Laughter

Laughter

Researchers at Stanford showed comics to people while their brains were monitored by an MRI. They were able to prove for the first time that humor stimulates the parts of our brain that use the “feel good” chemical messenger dopamine. That puts laughter in the category of activities you want to do over and over again.

Face Time: When we laugh, as many as 15 small muscles squeeze our faces into a smile. Increased blood flow there may turn us a bit pinker and give us a happy glow.

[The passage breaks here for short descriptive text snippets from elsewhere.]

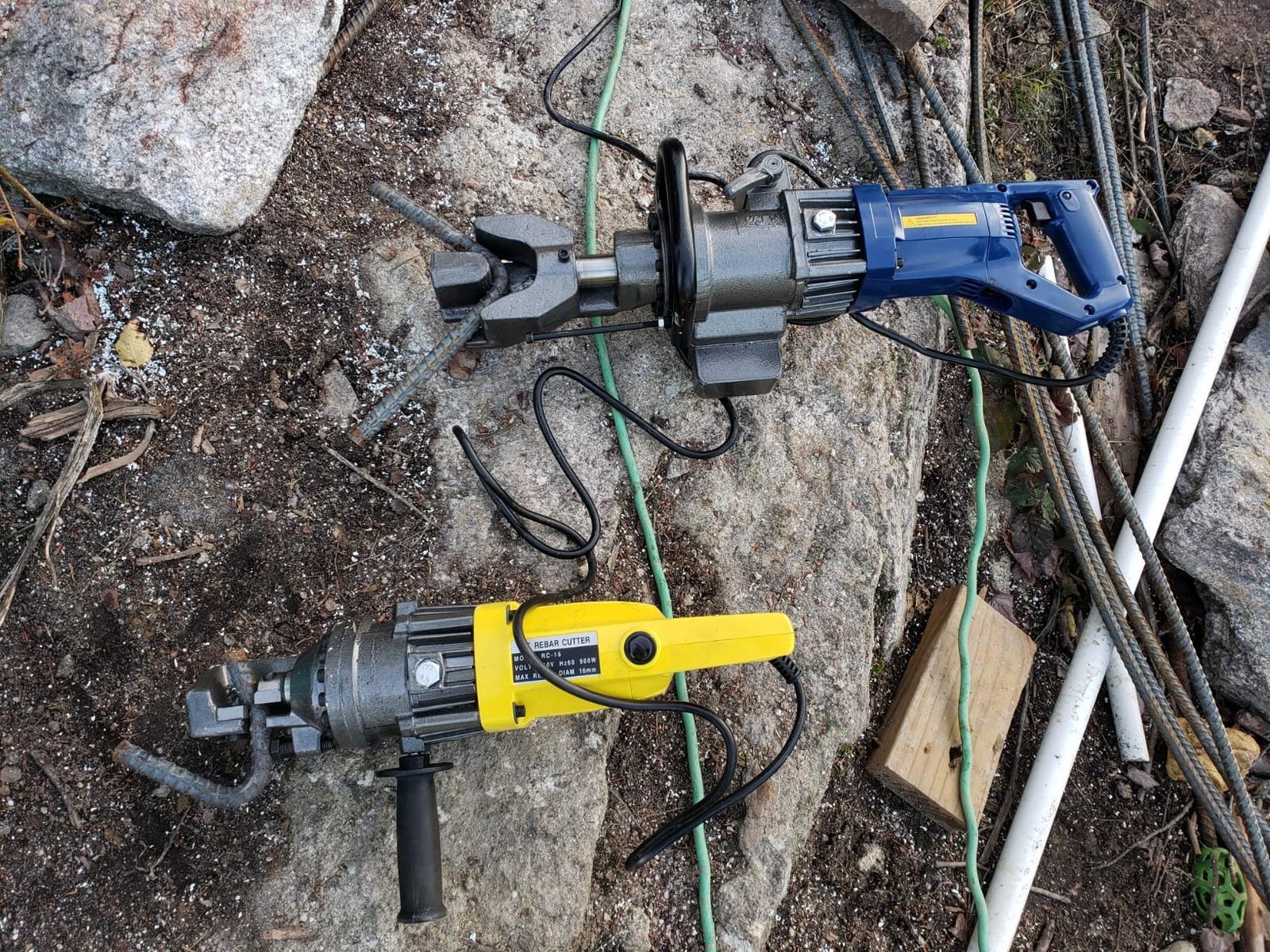 Happybuy Electric Hydraulic Rebar Bender,900W Portable Electric Rebar Bender,Bending up to 5/8 Inch #5 4-16mm Rebar Bending Angle 0-90 Degrees,110V,with Positioning Bolt(900W RB-16) customer photo 2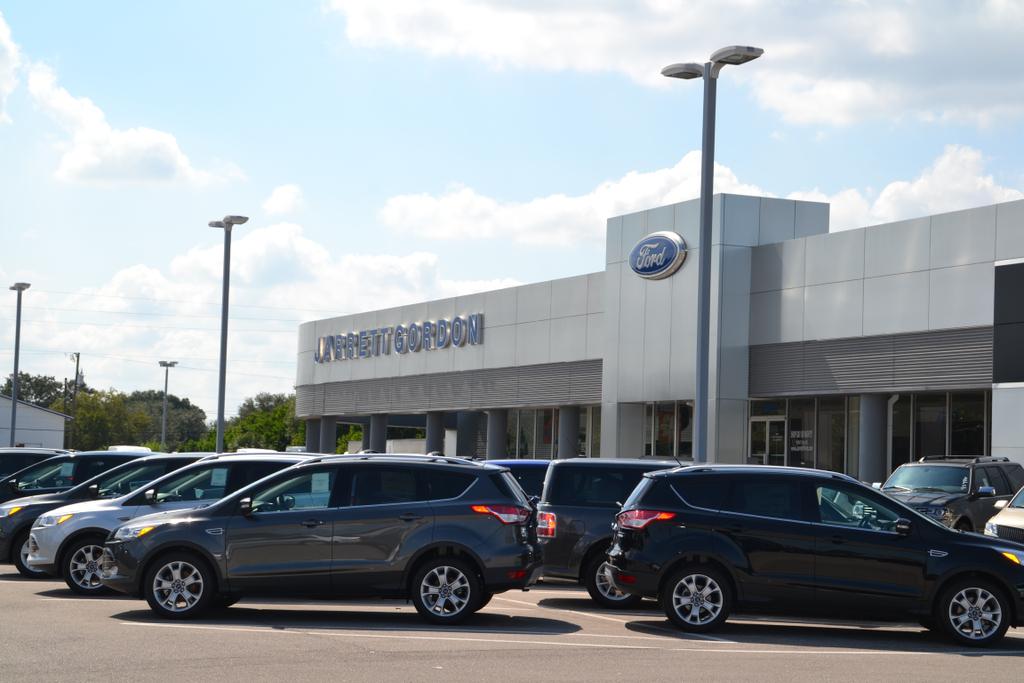 Dealership gallery photo 1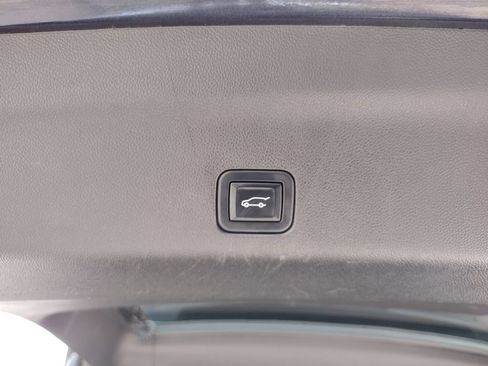 Used 2022 Chevrolet Suburban Premier AWD/4WD image 24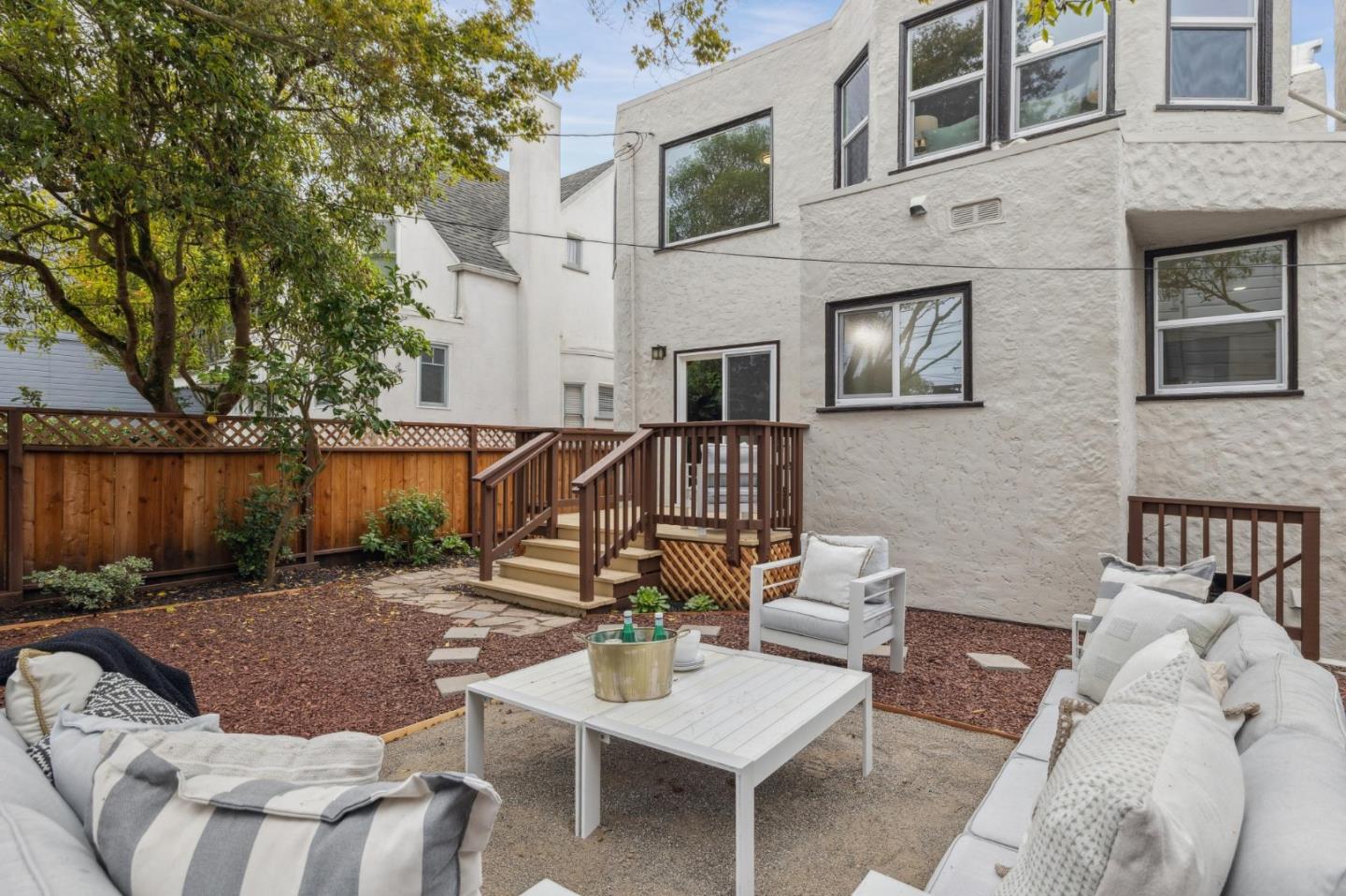 Detail Gallery Image 74 of 78 For 2615 Lincoln Way, San Francisco,  CA 94122 - 3 Beds | 2 Baths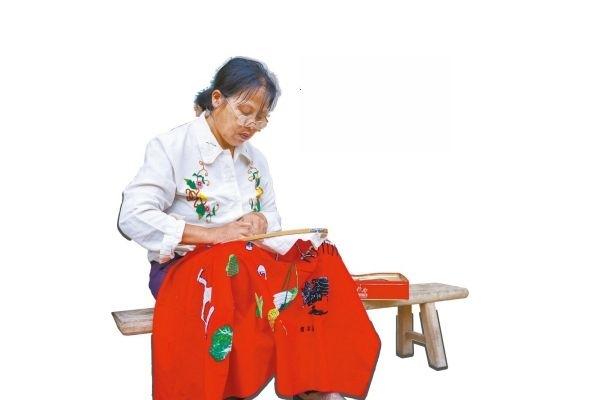 绥宁县关峡苗族乡大园村，村民在家门口制作非遗作品——苗族插绣。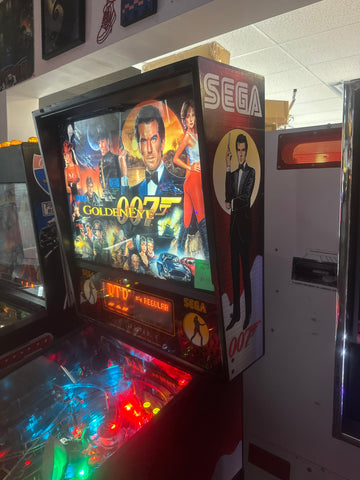 Image of SEGA Goldeneye Pinball Machine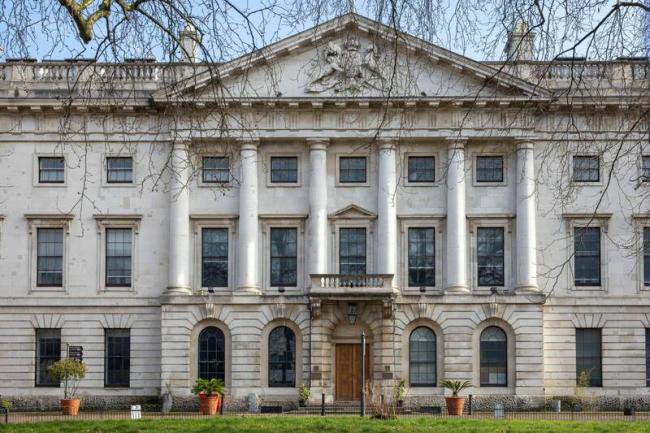 惊爆：中国已买下英国！足以干预政治决策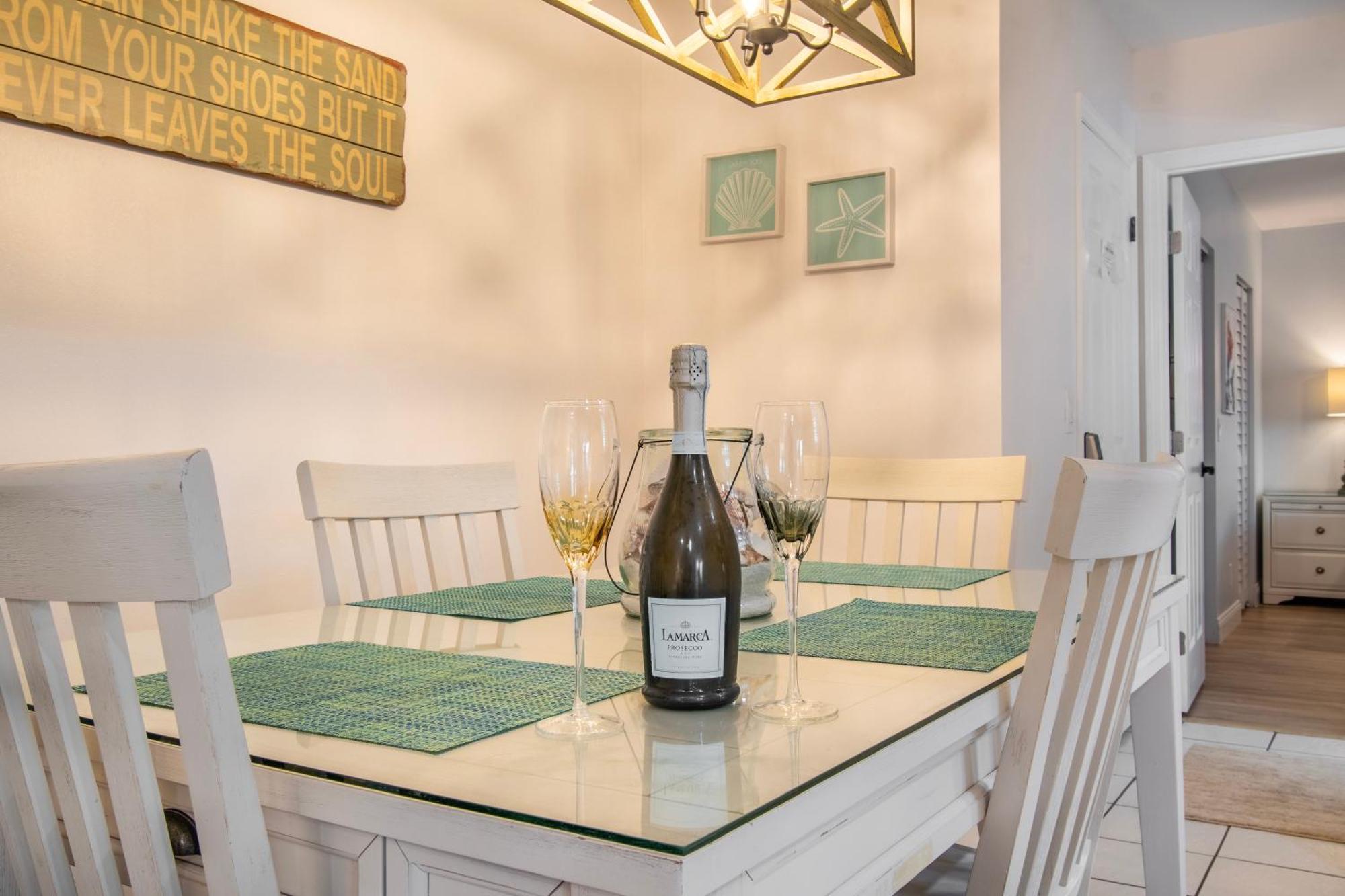 Funshine Pointe Capri Apartment Сейнт Пийт Бийч Екстериор снимка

Eyes Have It: If the laugh is vigorous enough, our tear ducts can activate. If the laugh is long enough we’re literally crying with joy-and studies show that tears, whether happy or sad, may reduce symptoms of stress.

Mouth Off: Researchers have tested the saliva of patients after laughing episodes and found that they have higher levels of disease-fighting immuno-globulins along with higher blood levels of killer T-cells, suggesting that laughter may raise our immune function.

Vocal Point: Our vocal equipment gets a workout to produce our laughter. The diaphragm, a strong muscle under the lungs, pumps down and up, filling the lungs, and then blasting air out of them, up through the voice box to produce the laugh. Because the lungs are exchanging much more air than normal, they enrich the blood with oxygen.

Laughter seems to have an analgesic effect: It increases our tolerance for pain.

Belly Laughs causes us tense all our major muscle groups for minutes at a time, leading to a simple conclusion: Laughter is exercise. The heart rate and blood pressure go up while you’re laughing, but then they fall down below your baseline afterward, the same as with exercise. I guess you could say, “Laughter is inner jogging.”

It seems researchers simply confirm what the Lord has already told us.  “A merry heart doeth good like a medicine.”

Laugh with a friend today.  It is good for you.